YOUR TASK: Repeat the records in full. No pictures belong in the copy.

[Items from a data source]

═══

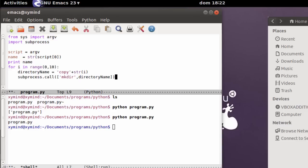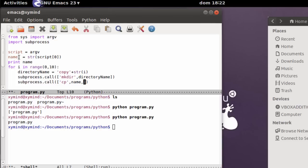Now that we have that, we need to copy the script itself. We call the copy command inside Python using 'subprocess.call'. Make a list where the first element is the copy command 'cp'. The second element is the first parameter for the copy command — the name of the file we wish to copy, which is 'name' that we got earlier. The third element is the path of the location where we want to put the file, which will be 'directory_name' that we just created.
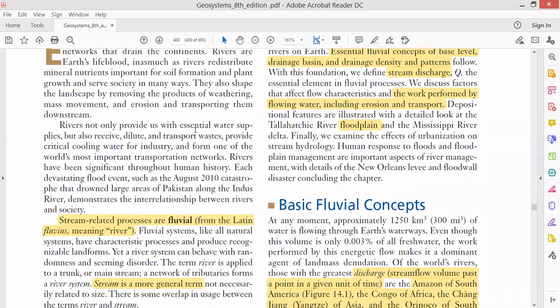This chapter is about rivers. When we study rivers, there are some main basic concepts related to river systems that a physical geography student must know. The first concept is 'fluvial.' Fluvial means related to rivers — so technically, in physical geography, the term fluvial is used for anything river-related.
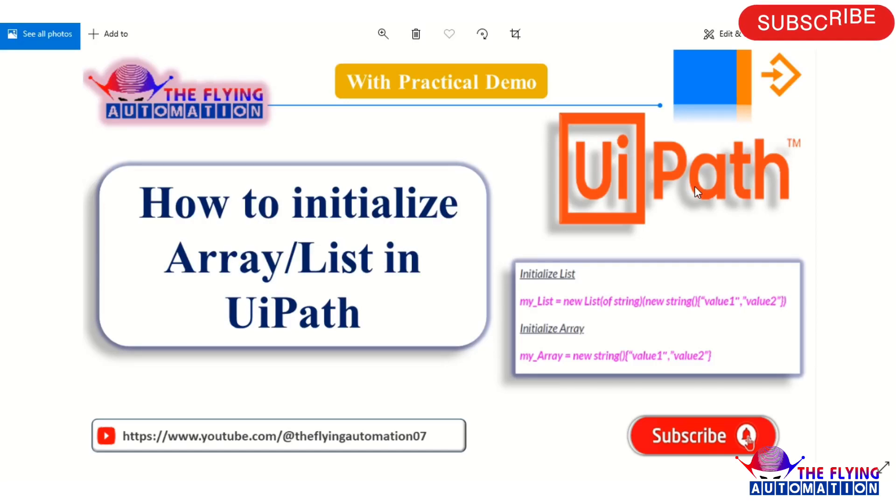Hello guys, welcome to the Flying Automation channel. Today in this video we will learn about how to initialize array and list in UiPath. So without wasting time, let's go to the UiPath studio and see how to do that.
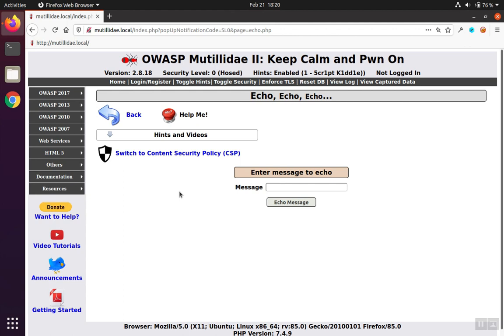Testing output encoding controls doesn't necessarily require injecting a bunch of cross-site scripts to see if the control works. What we can do is actually inject symbols, in other words characters that are not letters and not numbers, into the input element and then observe what the output encoding control does to see if it's working effectively. Output encoding transforms characters from their raw format into a format that clearly tells the browser that it is not something to execute, but the browser should just treat the information as text.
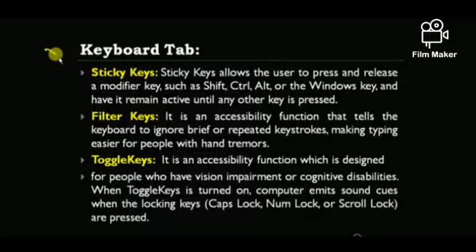Next is Filter Keys. It is an accessibility function that tells the keyboard to ignore brief or repetitive keystrokes, making typing easier for people with hand tremors. If a person has the problem of hand tremors and accidentally presses a key two or three times, Filter Keys will remove those extra inputs.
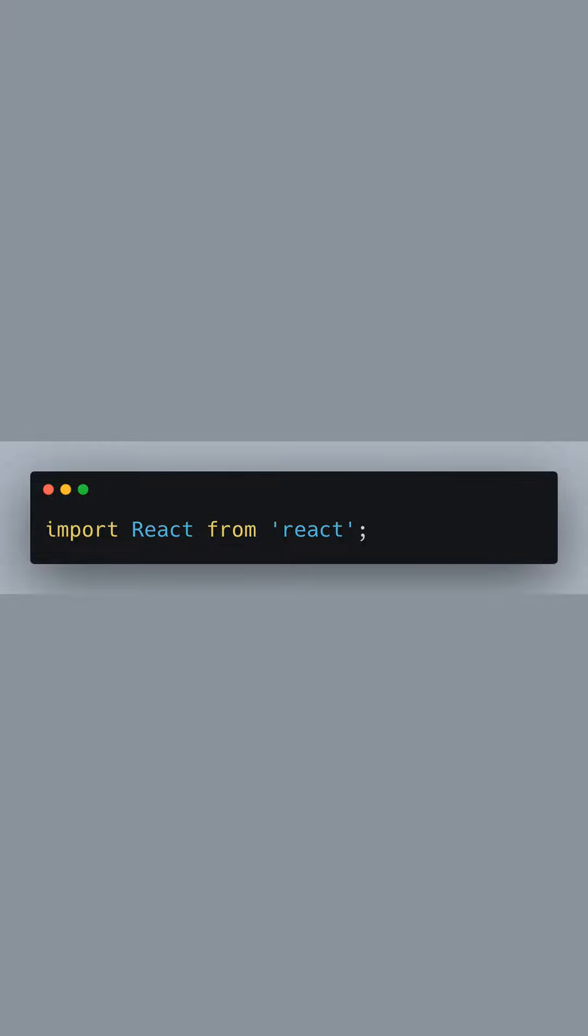Let's start by importing the React library, which is necessary to define React components.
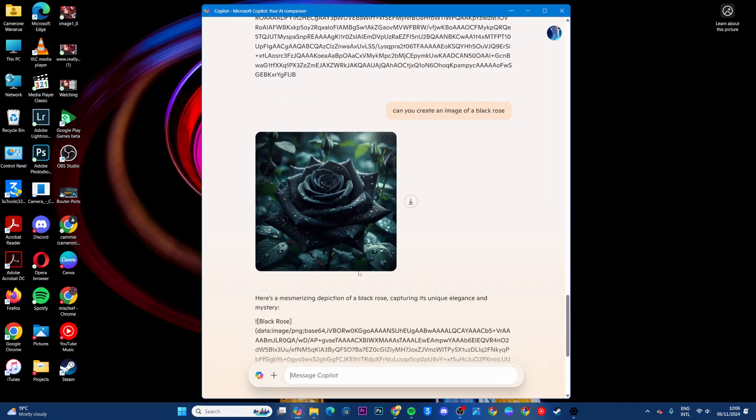You can see it's now being generated. That's how you can ask questions using Copilot. Thank you for watching. If you have any questions or comments, leave them down below and we'll get back to you.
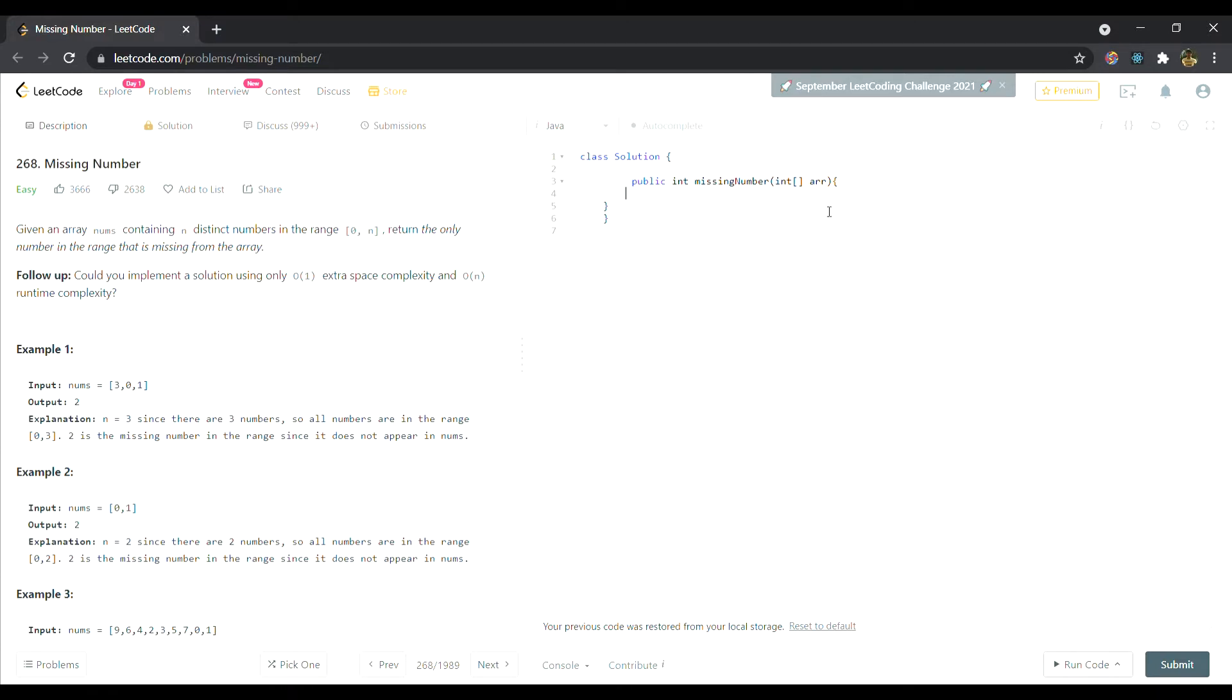Hey guys, welcome to this video. In this video I'll be solving question number 268 of LeetCode, Missing Number. It's an easy problem but it's based on an important concept, so let's start.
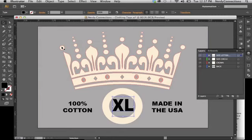And that's how you make a clothing tag in Illustrator. I'm Michael Mondragon from Nerdy Connections, and we'll see you next time.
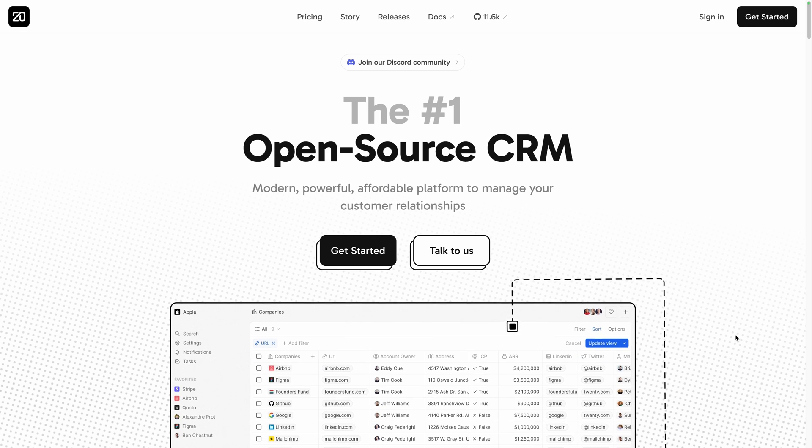Modern, powerful, affordable platform to manage your customer relationships. This is how 20 is presenting itself and it perfectly describes it. Let me present you a free open source CRM with nearly 10,000 stars on GitHub: 20.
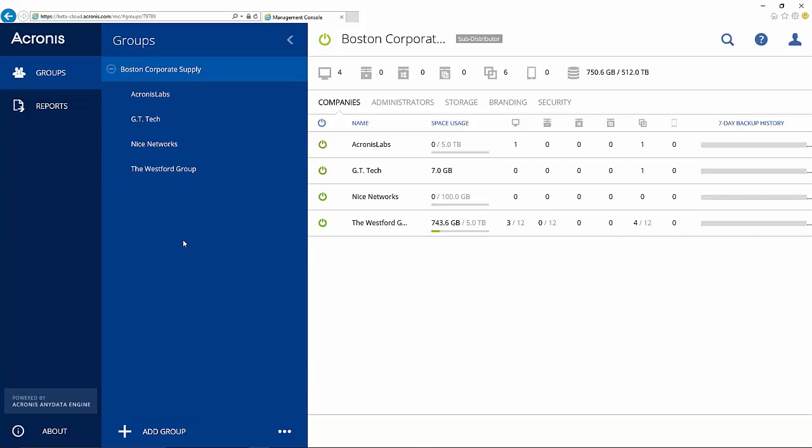In addition to this natural interface, Acronis Backup Cloud easily integrates with a number of popular cloud provisioning applications. This allows you to control customer accounts, quotas, and billing from your existing cloud automation platform, such as Odin, Hostbill, and others.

═══

ANSWER SPACE:
Now that we have that, we need to copy the script itself. We call the copy command inside Python using 'subprocess.call'. Make a list where the first element is the copy command 'cp'. The second element is the first parameter for the copy command — the name of the file we wish to copy, which is 'name' that we got earlier. The third element is the path of the location where we want to put the file, which will be 'directory_name' that we just created.
This chapter is about rivers. When we study rivers, there are some main basic concepts related to river systems that a physical geography student must know. The first concept is 'fluvial.' Fluvial means related to rivers — so technically, in physical geography, the term fluvial is used for anything river-related.
Hello guys, welcome to the Flying Automation channel. Today in this video we will learn about how to initialize array and list in UiPath. So without wasting time, let's go to the UiPath studio and see how to do that.
Testing output encoding controls doesn't necessarily require injecting a bunch of cross-site scripts to see if the control works. What we can do is actually inject symbols, in other words characters that are not letters and not numbers, into the input element and then observe what the output encoding control does to see if it's working effectively. Output encoding transforms characters from their raw format into a format that clearly tells the browser that it is not something to execute, but the browser should just treat the information as text.
Next is Filter Keys. It is an accessibility function that tells the keyboard to ignore brief or repetitive keystrokes, making typing easier for people with hand tremors. If a person has the problem of hand tremors and accidentally presses a key two or three times, Filter Keys will remove those extra inputs.
Let's start by importing the React library, which is necessary to define React components.
You can see it's now being generated. That's how you can ask questions using Copilot. Thank you for watching. If you have any questions or comments, leave them down below and we'll get back to you.
Hey guys, welcome to this video. In this video I'll be solving question number 268 of LeetCode, Missing Number. It's an easy problem but it's based on an important concept, so let's start.
And that's how you make a clothing tag in Illustrator. I'm Michael Mondragon from Nerdy Connections, and we'll see you next time.
Modern, powerful, affordable platform to manage your customer relationships. This is how 20 is presenting itself and it perfectly describes it. Let me present you a free open source CRM with nearly 10,000 stars on GitHub: 20.
In addition to this natural interface, Acronis Backup Cloud easily integrates with a number of popular cloud provisioning applications. This allows you to control customer accounts, quotas, and billing from your existing cloud automation platform, such as Odin, Hostbill, and others.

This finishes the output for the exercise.